[Opening COLLECTED MATERIAL section]

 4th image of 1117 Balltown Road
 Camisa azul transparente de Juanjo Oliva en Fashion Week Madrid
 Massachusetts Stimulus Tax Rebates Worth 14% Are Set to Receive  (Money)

[Closing COLLECTED MATERIAL section]

— EXERCISE GOAL —
Repeat the material word for word, leaving out no line.

— SOLUTION TO THE EXERCISE —
 4th image of 1117 Balltown Road
 Camisa azul transparente de Juanjo Oliva en Fashion Week Madrid
 Massachusetts Stimulus Tax Rebates Worth 14% Are Set to Receive  (Money)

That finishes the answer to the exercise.